Authentication / Authorization (Oauth2)

naturzukunft · January 17, 2022, 1:30pm

As described in Authentication & Authorization C2S

OAuth 2.0 bearer tokens should be used to access a server with a ActivityPub(AP) Client.

"To discover the correct endpoint for authorization, clients should use OAuth-Server-Metadata on the host part from the actor’s ID URI."

I assume that OAuth-Server-Metadata means OAuth 2.0 Authorization Server Metadata (rfc8414).

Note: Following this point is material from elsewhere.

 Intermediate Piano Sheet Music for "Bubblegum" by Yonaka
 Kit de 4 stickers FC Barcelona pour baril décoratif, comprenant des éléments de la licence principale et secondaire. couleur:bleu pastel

Client IDs may be acquired using OAuth 2.0 Dynamic Client Registration Protocol (rfc7591).

naturzukunft · January 17, 2022, 1:40pm

In my setup, I use Keycloak as IdentityProvider. The server metadata concerning Oauth2 are already provided by Keycloak. https://server/auth/realms/realm/.well-known/openid-configuration

Respone:


{
	"issuer": "https://login.example.com/auth/realms/LOA",
	...
	...
	"registration_endpoint": "https://login.example.com/auth/realms/LOA/clients-registrations/openid-connect",
	...
	...
}

The question is how does the client get the information ? It cannot know which Identity Provider i use!
A possibility is that the AP server provide an endpoint like

https://activitypub.example.com/.well-known/activityPub

And get then the info about the issuer:

{
	"issuer":"https://login.example.com/auth/realms/LOA"
}

I am curious to hear your opinions

nightpool · January 17, 2022, 3:16pm

I think it’s pretty clear to me from the wiki document you linked that for an actor with a URI of https://example.com/users/foo, the metadata endpoint would live at https://example.com/.well-known/oauth-authorization-server. So you would need to create a redirect or similar from that URL to whatever URL is provided by your identity server.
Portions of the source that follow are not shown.